- [Provided data]
━━━━━━━━━━━━━━━━
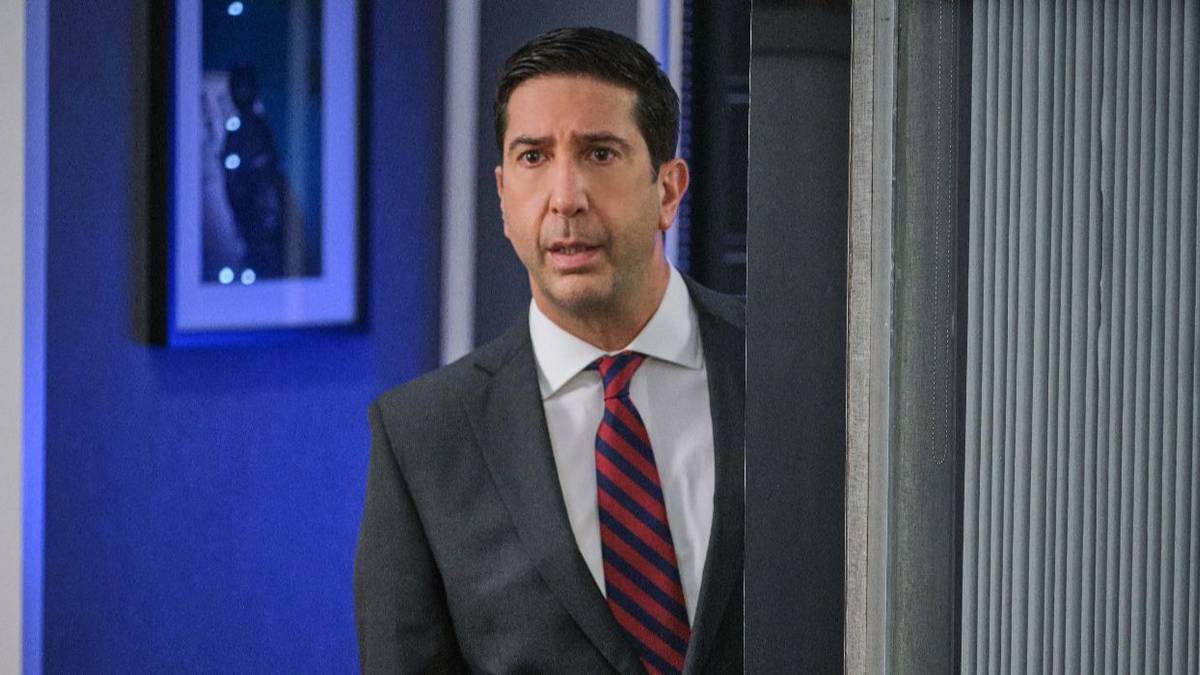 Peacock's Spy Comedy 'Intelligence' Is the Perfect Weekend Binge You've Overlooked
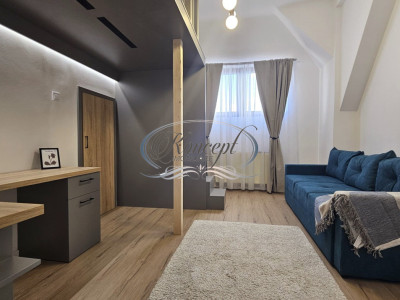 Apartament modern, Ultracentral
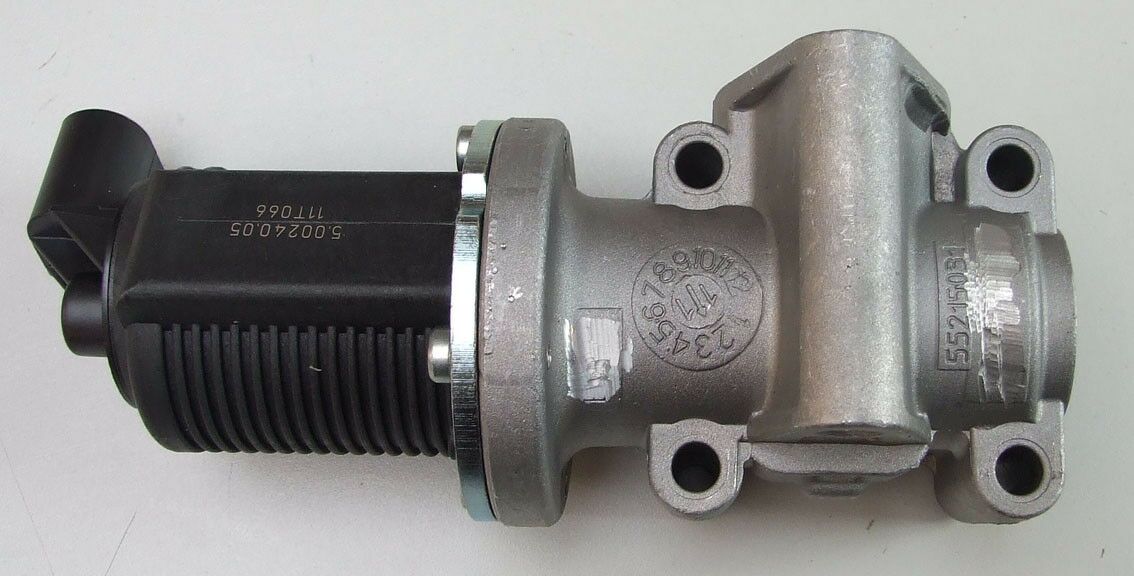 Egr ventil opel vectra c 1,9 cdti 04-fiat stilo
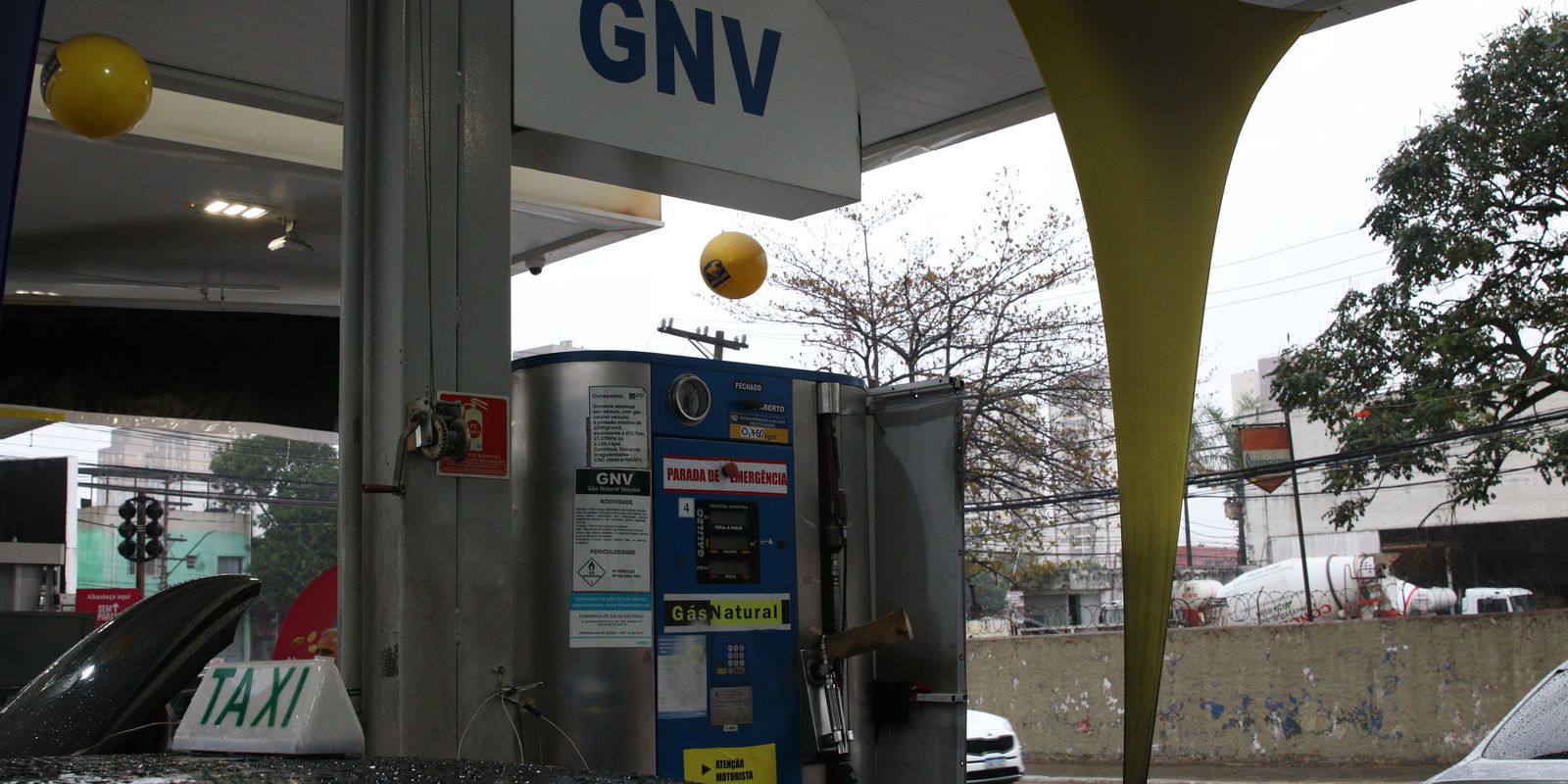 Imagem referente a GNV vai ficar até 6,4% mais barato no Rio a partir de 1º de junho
━━━━━━━━━━━━━━━━
- [Task description] Set the pictures aside and transcribe the data above exactly.

- [Written answer]
 Peacock's Spy Comedy 'Intelligence' Is the Perfect Weekend Binge You've Overlooked
 Apartament modern, Ultracentral
 Egr ventil opel vectra c 1,9 cdti 04-fiat stilo
 Imagem referente a GNV vai ficar até 6,4% mais barato no Rio a partir de 1º de junho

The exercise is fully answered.